§ Work to be completed
For this exercise, please transcribe exactly and only the lines from the one containing "Mališani JU Dječije" through the end of the material, both ends included, without pictures.
▽
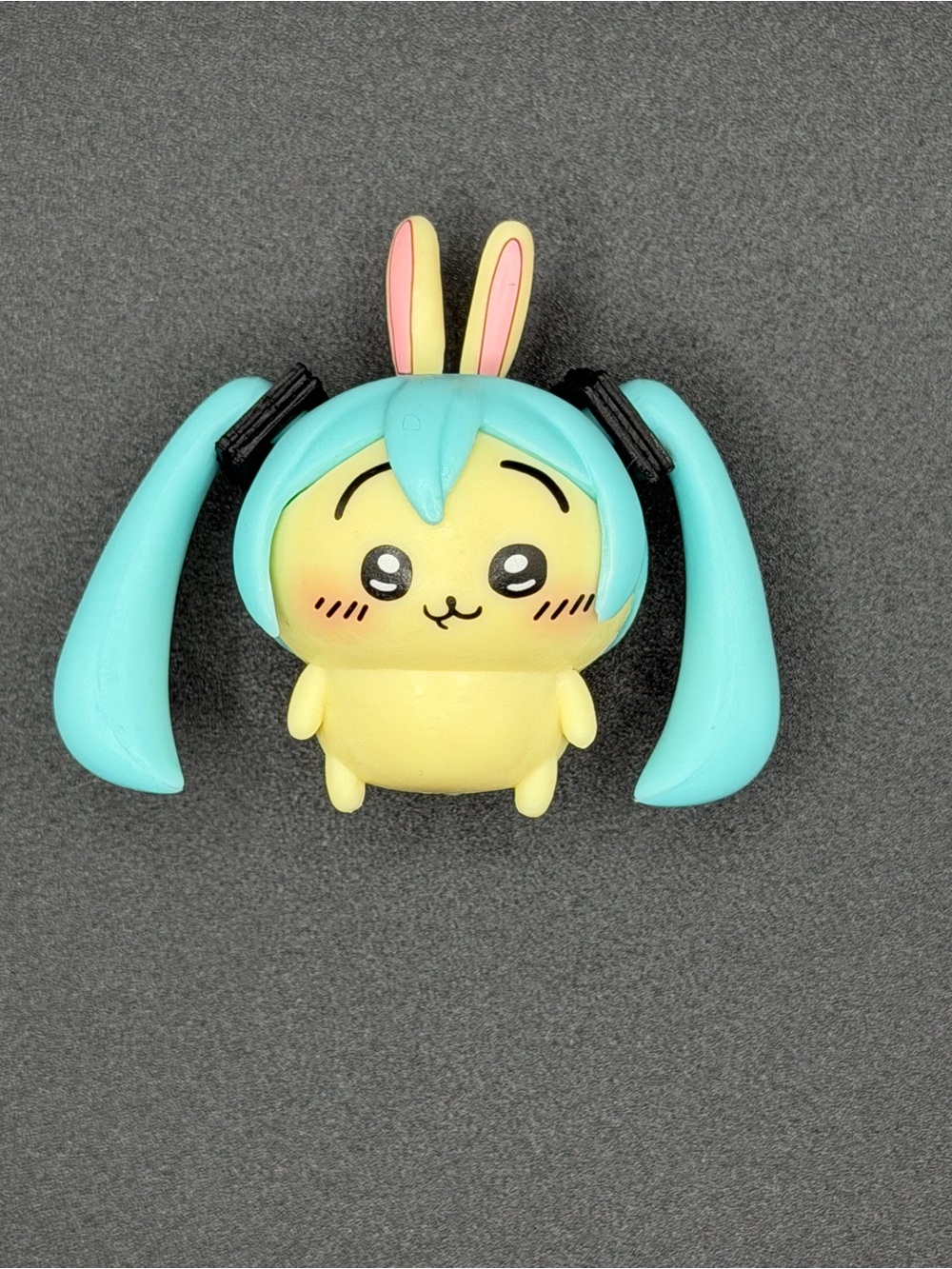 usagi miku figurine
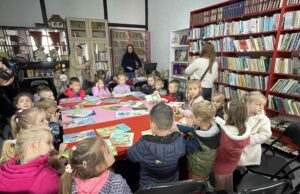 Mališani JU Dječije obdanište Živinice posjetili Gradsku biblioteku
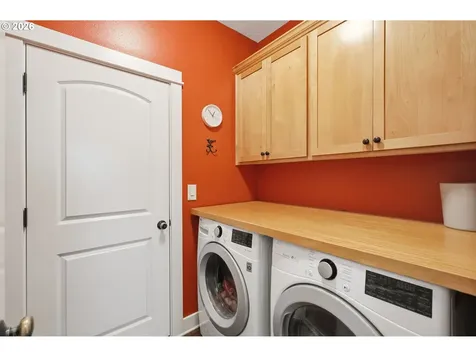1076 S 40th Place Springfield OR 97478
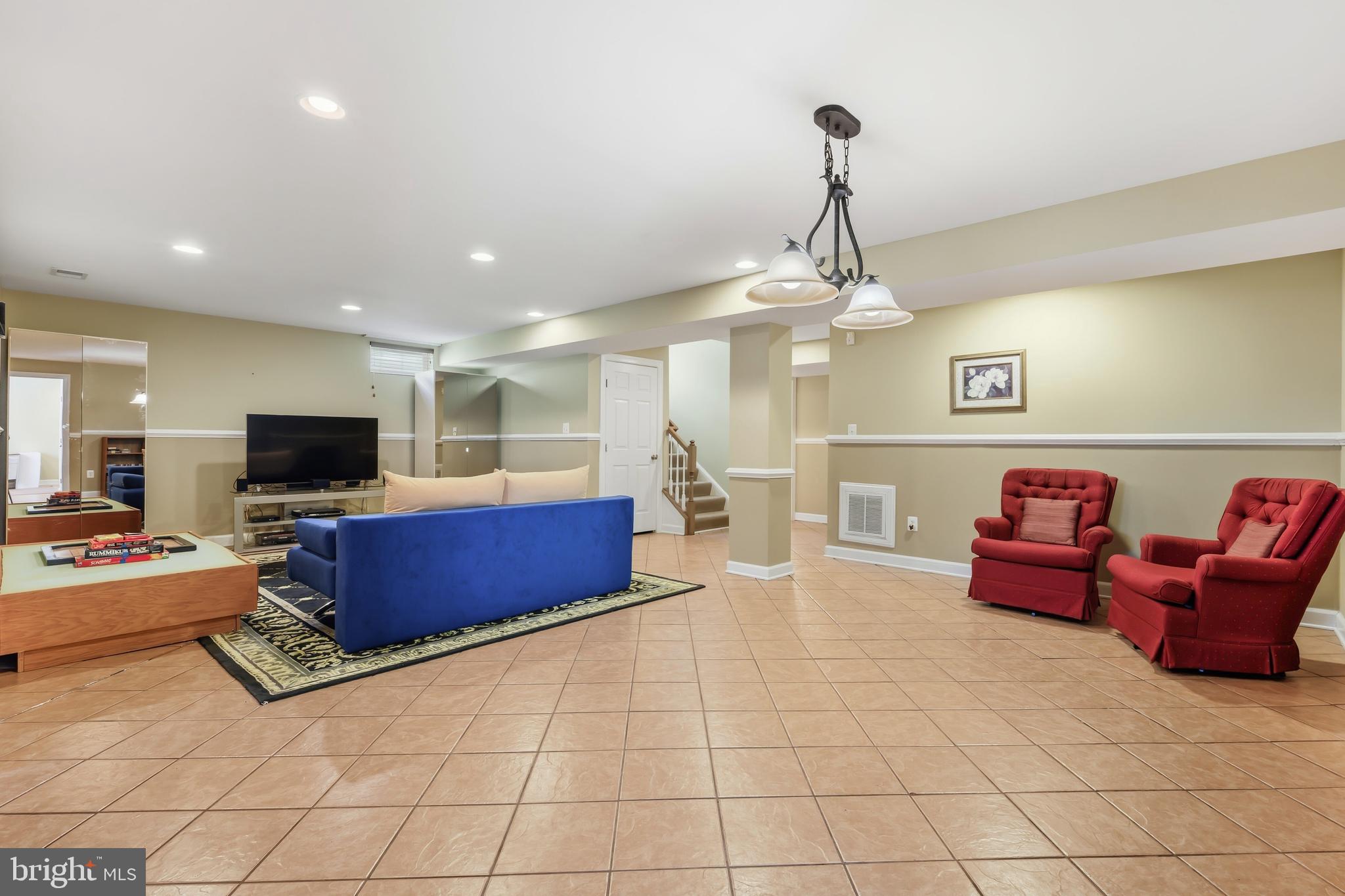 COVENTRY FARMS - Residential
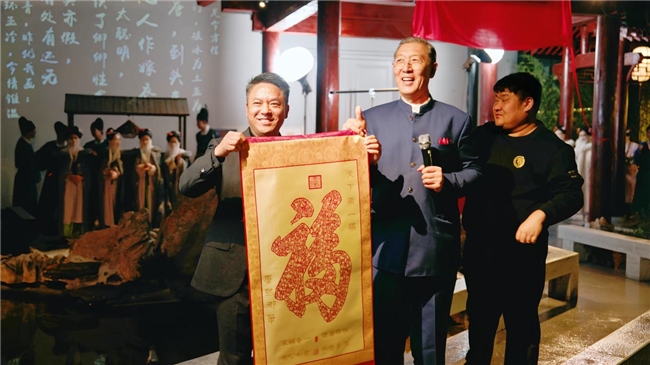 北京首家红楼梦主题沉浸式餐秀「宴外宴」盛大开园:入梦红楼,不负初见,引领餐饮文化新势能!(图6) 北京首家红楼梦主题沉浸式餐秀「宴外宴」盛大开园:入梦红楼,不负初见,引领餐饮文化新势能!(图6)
△
§ Solution for this problem
 Mališani JU Dječije obdanište Živinice posjetili Gradsku biblioteku
1076 S 40th Place Springfield OR 97478
 COVENTRY FARMS - Residential
 北京首家红楼梦主题沉浸式餐秀「宴外宴」盛大开园:入梦红楼,不负初见,引领餐饮文化新势能!(图6) 北京首家红楼梦主题沉浸式餐秀「宴外宴」盛大开园:入梦红楼,不负初见,引领餐饮文化新势能!(图6)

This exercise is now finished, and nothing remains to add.